It’s official: gun ownership is trendy. When a prime exemplar of the liberal press publishes a “Come to Jesus (Armed)” feature, you know it’s only a matter of time before every state in the these here United becomes a “shall issue” state. Yes, even California, Rhode Island and New York. The press release for Harper’s Magazine’s August cover story Happiness is a Worn Gun: My Concealed Weapon and Me tells the tale of a left-leaning jobbing journo who gets serious wood for firearms. Yes, well, Baum’s text (provided by Harper’s Magazine to TTAG) doesn’t really answer the crucial question: does carrying a firearm change one’s political views? He gets close, but there’s no cigar.
Shooters see their guns as emblems of a whole spectrum of virtuous lifestyle choices— rural over urban, self-reliance over dependence on the collective, vigorous outdoorsiness over pallid intellectualism, patriotism over interna- tionalism, action over inaction—and they hear attacks on guns as attacks on them, personally. The Coalition to Stop Gun Violence and the Brady Campaign to Prevent Gun Violence sound like groups even the NRA could support: who wouldn’t want to prevent violence? But the former was called, until 1989, the National Coalition to Ban Handguns, and the latter wants to prohibit the “military-style semi-automatic assault weapons” popular among shooters. From the point of view of gun enthusiasts, it’s not gun violence these groups want to end, but gun ownership.
And? And nothing, really. Baum ignores the obvious conflict of interest between his liberal upbringing and the consequences of his acceptance of gun ownership. He expresses sympathy for gun owners’ contempt for “sheep” living in “condition white,” while expressing a deep longing to re-immerse himself in non-gun owners’ obliviousness.

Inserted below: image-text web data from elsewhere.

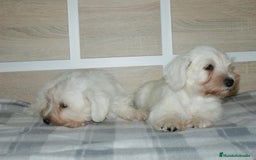 Pinscher Miniatura perros en venta: CACHORRITOS DE SCHNAUZER MINIATURA  - Imagen 11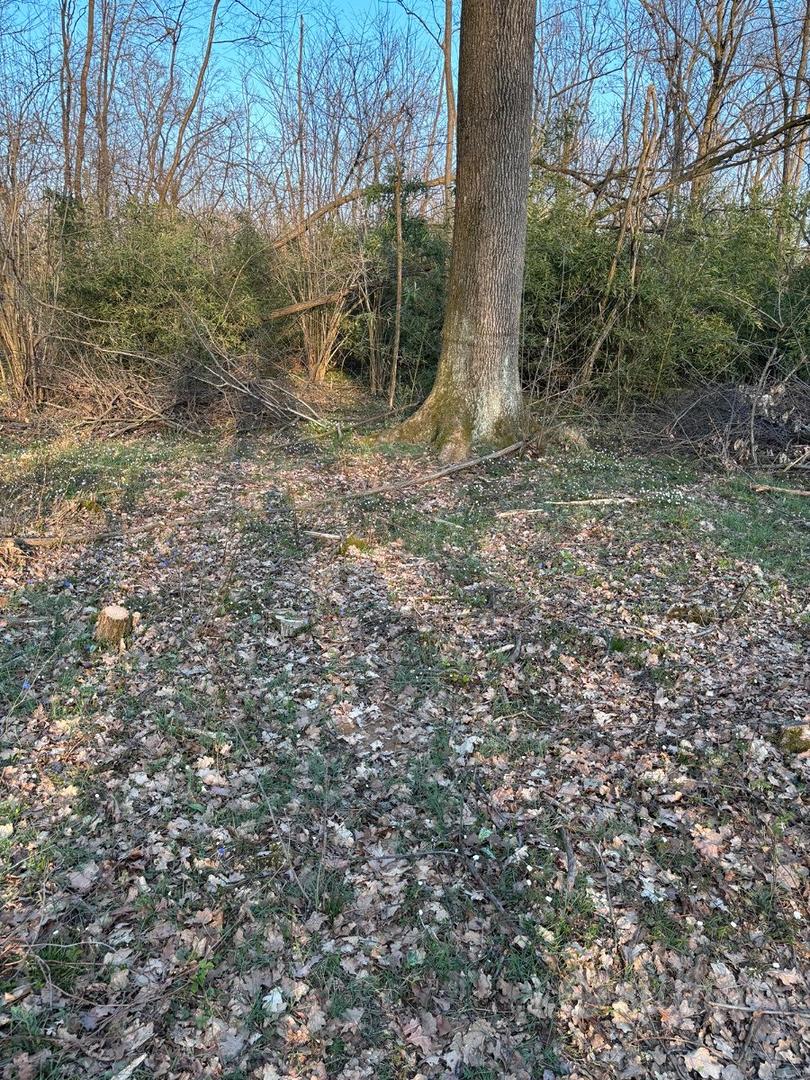 Terreno agricolo boschivo - Vista 5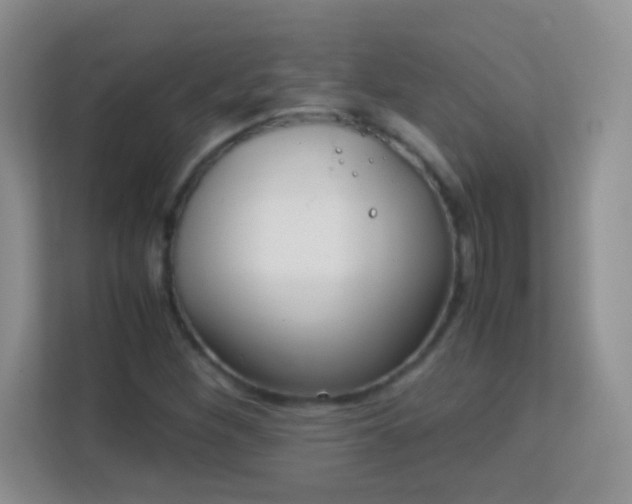 X0000113171260200909111027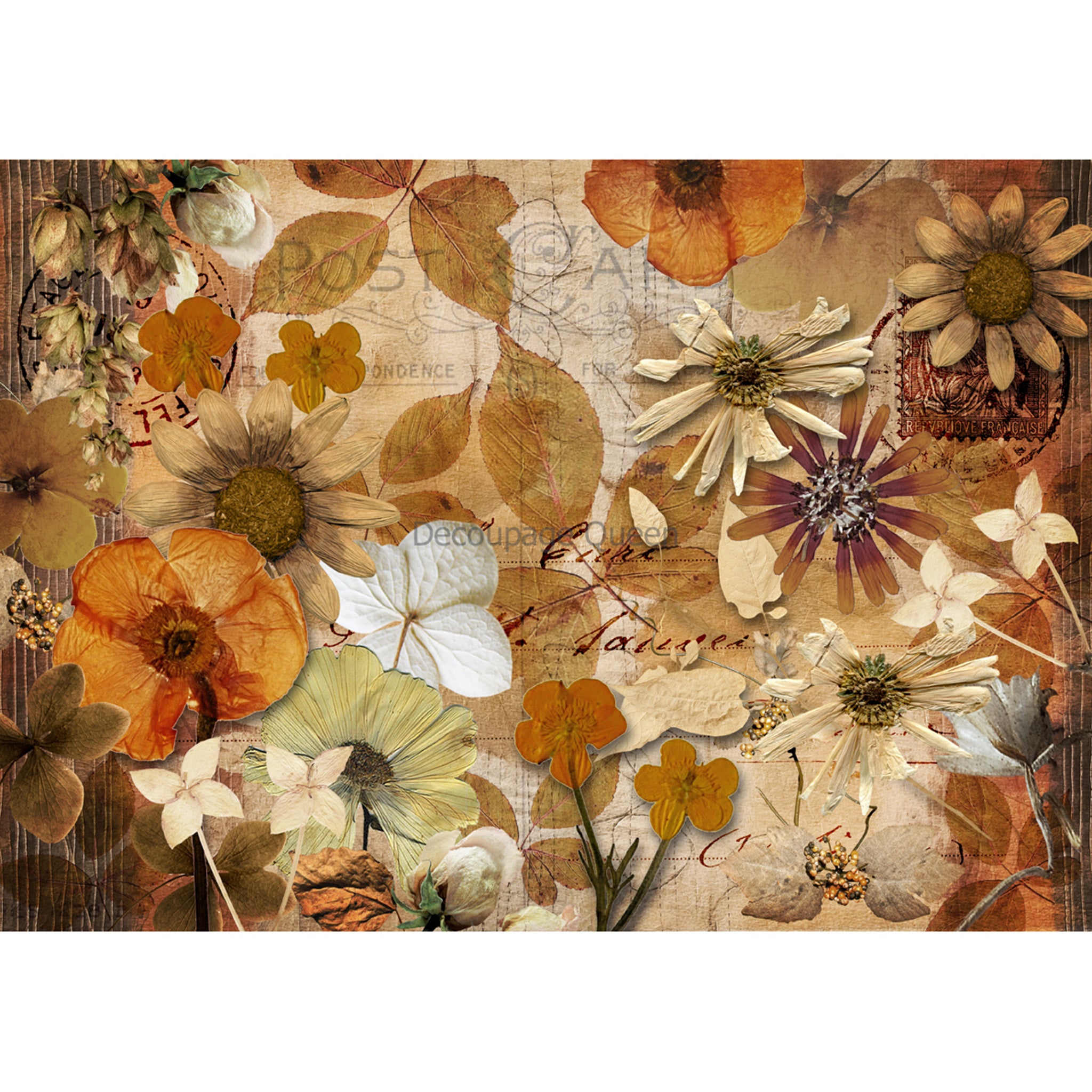 Rice paper featuring a sepia toned design of dried and pressed flowers on top of vintage documents. White borders are on the top and bottom.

And then he cuts right. Making a passionate case for eliminating gun-free zones as killing fields.
Unless we’re willing to send the police door-to-door to round them all up, the country is going to be awash in fire- arms for years to come. Thugs will push guns into the faces of convenience-store clerks, lunatics will shoot up restaurants, aggrieved workers will spray their offices with bullets, and alienated students will open fire at school. The question that interests gun activists is how we’re prepared to respond. A Republican legislator in Wisconsin wanted to arm teachers so they could cut down Columbine copycats, and college students in Alaska, Colorado, Connecticut, Michigan, Texas, and Virginia are agitating for the right to carry concealed weapons on campus so they can defend themselves against the next Virginia Tech–style shooter. An armed civilian might be even more useful during a massacre than a po- lice officer; cops hit the people they’re aiming at less than half the time—in some departments much less. That might be because criminals identify police by their uniforms and so get the first shot off. A civilian might have the element of surprise.

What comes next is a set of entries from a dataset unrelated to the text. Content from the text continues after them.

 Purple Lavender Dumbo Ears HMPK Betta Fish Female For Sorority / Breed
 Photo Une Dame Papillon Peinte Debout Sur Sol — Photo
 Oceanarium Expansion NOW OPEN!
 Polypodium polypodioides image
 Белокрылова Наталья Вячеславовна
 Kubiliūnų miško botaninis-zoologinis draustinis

Notice the use of the word “we.” Baum is solidly out of the closet as a self-identified “gun activist.” Aye, there’s the rub. Gun rights activists find little if any support on the left side of the political spectrum, which has a long and ignoble history of suppressing Second Amendment rights. In the main, you buys your bullets, you votes Republican.
Baum goes a lot further down his pro-gun Road to Damascus, if not far enough.
It’s true that crime is down, but it’s certainly not nonexistent; hideous things happen to good people every day. We carry fire insurance even though fire is uncommon; carrying a gun may be no more paranoid. Expecting police protection is delusional; they’ll usually do no more than show up later to investigate. Carrying a gun is unsafe for those who haven’t been properly trained, but a good class and regular practice can fix that. Only the last two reasons strike me as logically complete arguments not to go armed. Being willing to die rather than kill is an admi- rable and time-honored philosophical position. I’m not certain, though, how many of us would hold to it when the fatal moment was upon us. I, for one, count myself out. I’m willing.
But not willing to accept the idea that it’s OK for the majority of Americans to arm themselves, considering the resulting loss of innocence.
Which is exactly the difference between the left and the right on gun control, and everything else for that matter. One side is suffused with idealism, the other afraid of its own shadow.
When it comes to liberal gun owners, I prefer my lefty pal David’s intellectual honesty to Mr. Baum bi-polar ballistics. “The right have guns,” David says. “So we need guns too.”
Personally, I side with Benjamin Franklin. It’s better to be a pessimist and pleasantly surprised than an optimist and constantly disappointed. And/or a victim.